Lettre du préfet figurant dans le dossier d’enquête publique (juin 2012)
Deuxième boulette : ni dérogation, ni « inventaire minutieux »
Pas la plus importante, si l’on en croit les associations de protection de la nature, puisque de toute façon, le cabinet d’études Oréade-Brèche ne s’est pas intéressé aux chauve-souris. Il n’aurait d’ailleurs pas été possible d’en voir sans en rechercher expressément les traces au moment où l’étude a été menée, au printemps dernier, période durant laquelle les noctules n’hibernent plus. Le directeur du Gepma (groupement d’étude et de protection des mammifères d’Alsace), Bruno Ulrich, martèle :
« Le bureau d’études n’a pas fait son boulot ! On savait qu’il y avait des chauve-souris dans le secteur puisque l’association [de défense des intérêts des riverains de la rue] du Tivoli et Alsace nature l’avaient fait savoir pendant l’enquête publique et surtout qu’Odonat (Office des données naturalistes d’Alsace) avait des informations sur le sauvetage d’un mâle et de plusieurs femelles réalisé en 2005 sur le chantier de la Maison de la région. Il suffisait de demander ces données, beaucoup de bureaux d’études le font ! Donc, même si les 7 arbres au lieu de 6 avaient été expertisés, vus qu’ils n’ont pas fait d’écoutes ou rechercher des crottes, ça n’aurait rien changé… »

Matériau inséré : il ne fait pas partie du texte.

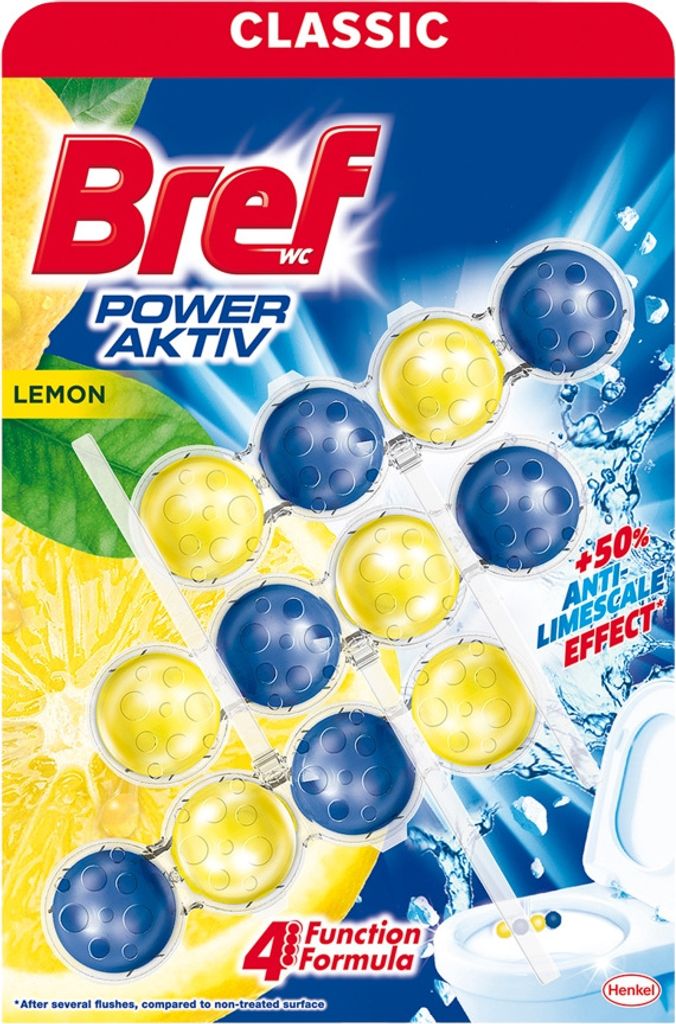 Bref WC Power Aktiv 4 Fach Kraft Lemon Duft 3 x 50gr WC Produktbild 1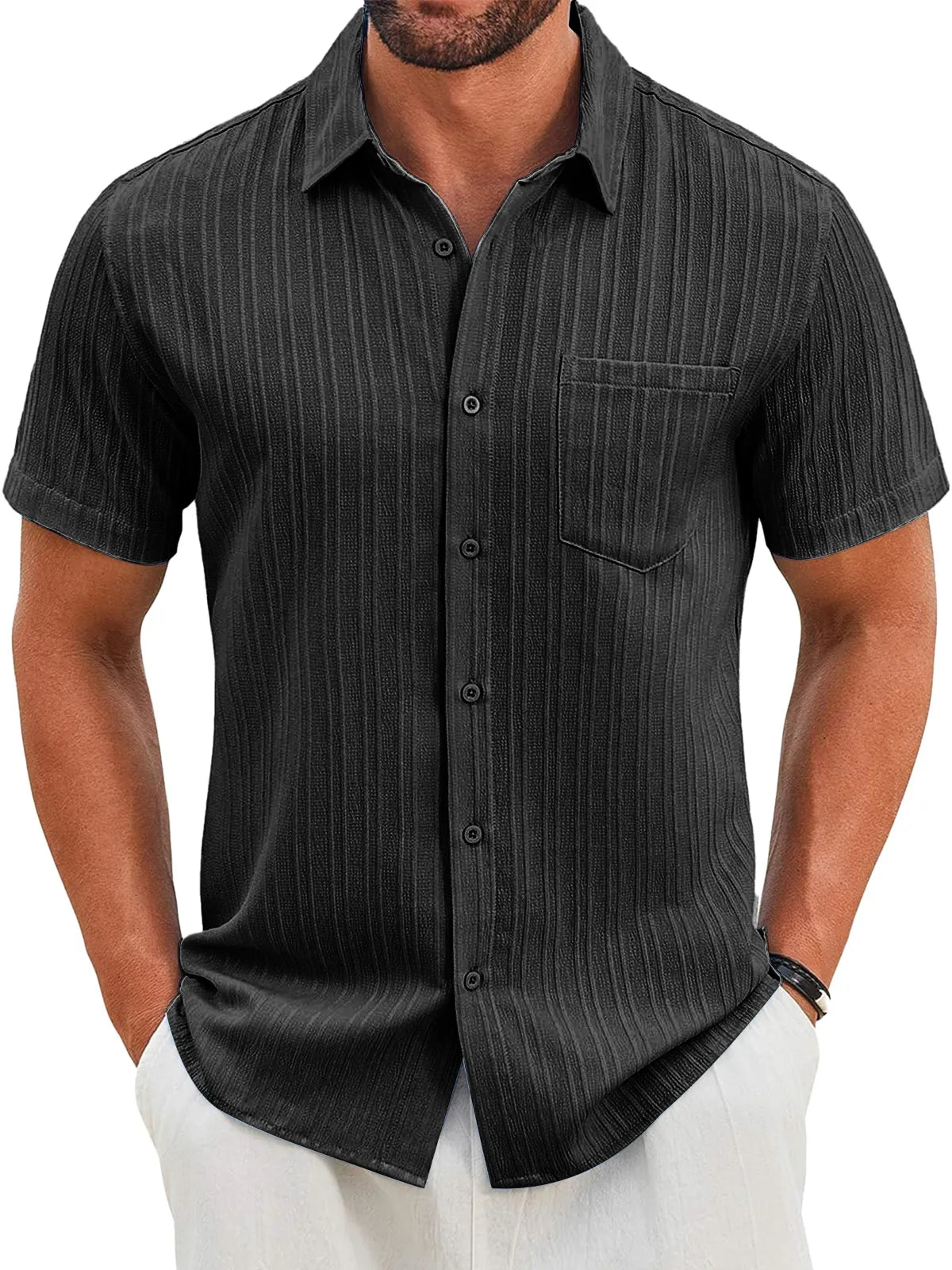 Men's Casual Vertical Striped Textured Lapel Solid Color Short-sleeved Shirt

Le hic, c’est que l’autorité environnementale a demandé des précisions sur ce point en conclusion de l’enquête publique (lire la lettre du préfet ci-dessus), relevant le manque d’un « inventaire minutieux » des chiroptères (chauve-souris) susceptibles de nicher dans « les cavités supérieures des arbres ». Cet inventaire a-t-il été complété ? On ne sait. C’est la deuxième boulette.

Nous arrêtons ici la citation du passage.